CrowdStrike Exec: ‘More Oversight’ Now In Place To Prevent Repeat Of Massive IT Outage
In testimony before a U.S. House Homeland Security subcommittee, CrowdStrike’s Adam Meyers said the July outage has prompted a major shift in how the vendor approaches content updates impacting the Windows kernel.
CrowdStrike has overhauled its approach to deploying threat-related content updates that impact the Windows kernel in the wake of the massively disruptive July outage caused by the cybersecurity vendor, a CrowdStrike executive said during congressional testimony Tuesday.
Adam Meyers, senior vice president of Counter Adversary Operations at CrowdStrike, testified before a subcommittee of the U.S. House Homeland Security Committee about the circumstances surrounding the defective update that caused what experts have described as the largest IT outage in history.
[Related: Sophos CEO On How EDR Vendors, Microsoft Are ‘Rethinking’ Security After CrowdStrike Outage]
In response to lawmaker questions focused around preventing the recurrence of the outage, Meyers said the incident has prompted a major shift in how the company tests and rolls out threat-related content updates for its Falcon platform. A faulty Falcon content update on July 19 led to the “blue screen of death” outage, which affected 8.5 million Windows devices and disrupted global air travel, health care and business for several days.

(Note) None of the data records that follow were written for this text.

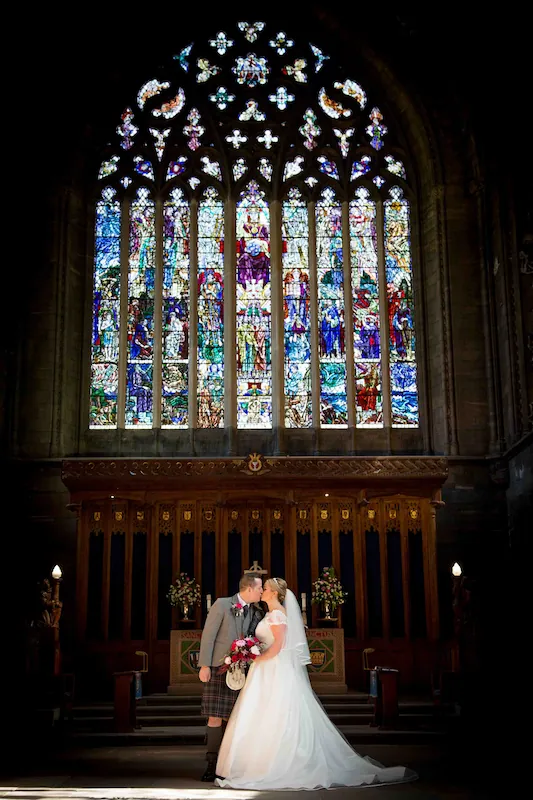 0054 ZZ33-NATURAL WEDDINGS-HIGHRES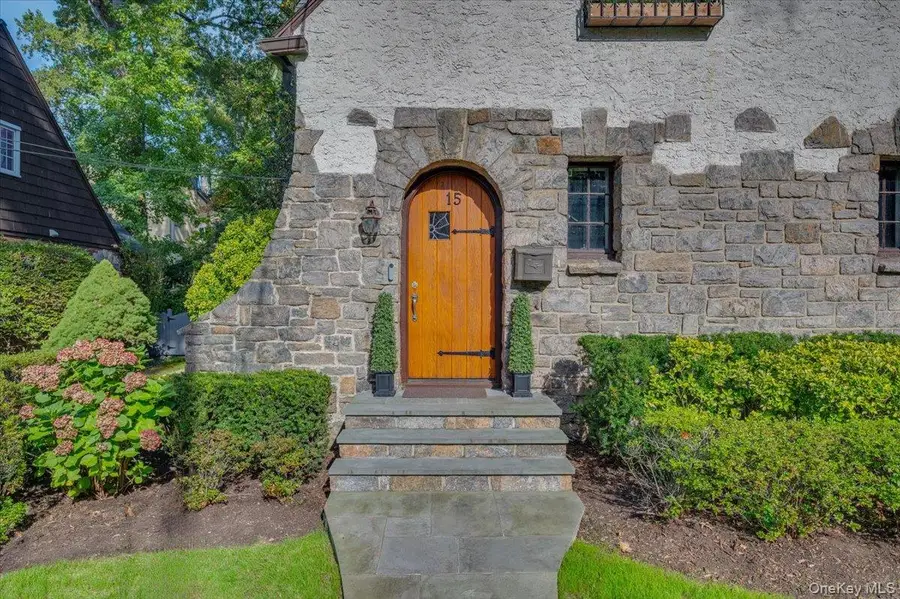 15 Kingsbury Road, New Rochelle, NY 10804 - #3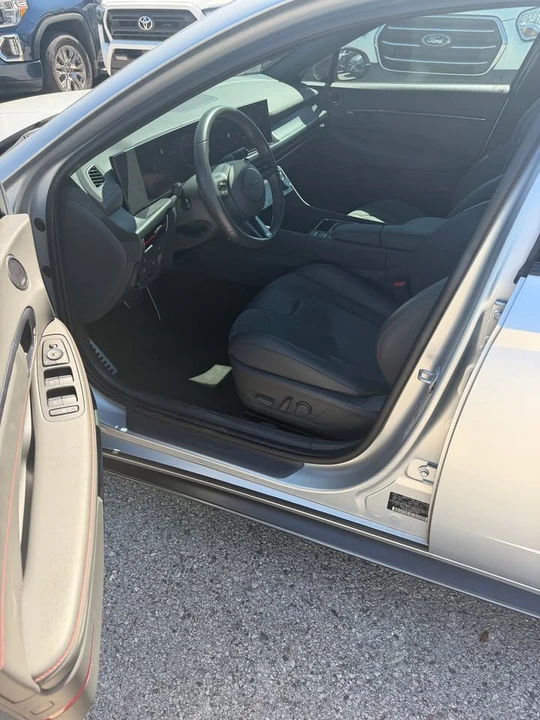 2025 Hyundai Sonata - Image 5 of 11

As a result of the outage, “we’re providing a lot more oversight and visibility into what that [update] is and how it goes out to the system,” Meyers told members of the House subcommittee on Cybersecurity and Infrastructure Protection.
Such content updates are deployed regularly — 10 to 12 times every day — in response to evolving threats, he noted.

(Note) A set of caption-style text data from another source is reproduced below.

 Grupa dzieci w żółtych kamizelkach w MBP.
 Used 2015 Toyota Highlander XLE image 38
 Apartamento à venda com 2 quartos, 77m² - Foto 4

Prior to the July incident, CrowdStrike treated these content updates differently from software code changes that impact the Windows kernel, he said. Code updates that affect the kernel — the core control center for Microsoft’s Windows operating system — have always gone through a rigorous testing process and phased deployment to prevent “blue screen of death” scenarios, according to CrowdStrike.
However, to prevent a repeat of the widely felt Windows crash in July from configuration changes, “we are now treating the content updates as code,” Meyers said, leading to a series of tests of the content and a staged rollout rather than deploying to all customers simultaneously.
The outage was also enabled by a bug in CrowdStrike’s validation process for security content updates. The bug prevented the company’s Content Validator from catching an erroneous file in the July 19 update, leading to the crash of Windows systems running CrowdStrike’s Falcon platform.
Meyers apologized multiple times for the incident during his testimony, and said CrowdStrike is fully committed to winning back the trust of customers and partners.
While the July incident was the result of a “perfect storm” of issues that coalesced to cause the outage, there’s no question that “we got it wrong in this case,” he said. “We are learning from what happened, and we've implemented changes to ensure that that doesn't happen again.”
Frequency Of Updates
During the hearing, U.S. Rep. Andrew Garbarino, chairman of the Cybersecurity and Infrastructure Protection subcommittee, questioned the cadence of content updates deployed by CrowdStrike. Garbarino cited comments from unnamed competitors of CrowdStrike, who he said have suggested that the frequency of CrowdStrike updates that affect the kernel is unusual for the security industry and ultimately “is not safe.”
CrowdStrike has no plans to slow the pace of content updates that it deploys, according to Meyers.
“We will continue to update our product with threat information as frequently as we need to in order to stay ahead of the threats that we're facing,” he said in response to the question from Garbarino.
“Speed does matter in this domain, in order to stay ahead of these threat actors,” Meyers said. “And the visibility that we get through the kernel, the performance that you gain through using the kernel, the ability to stop bad things, the enforcement mechanism that's provided through that kernel and the anti-tamper to stop a threat actor [are crucial].”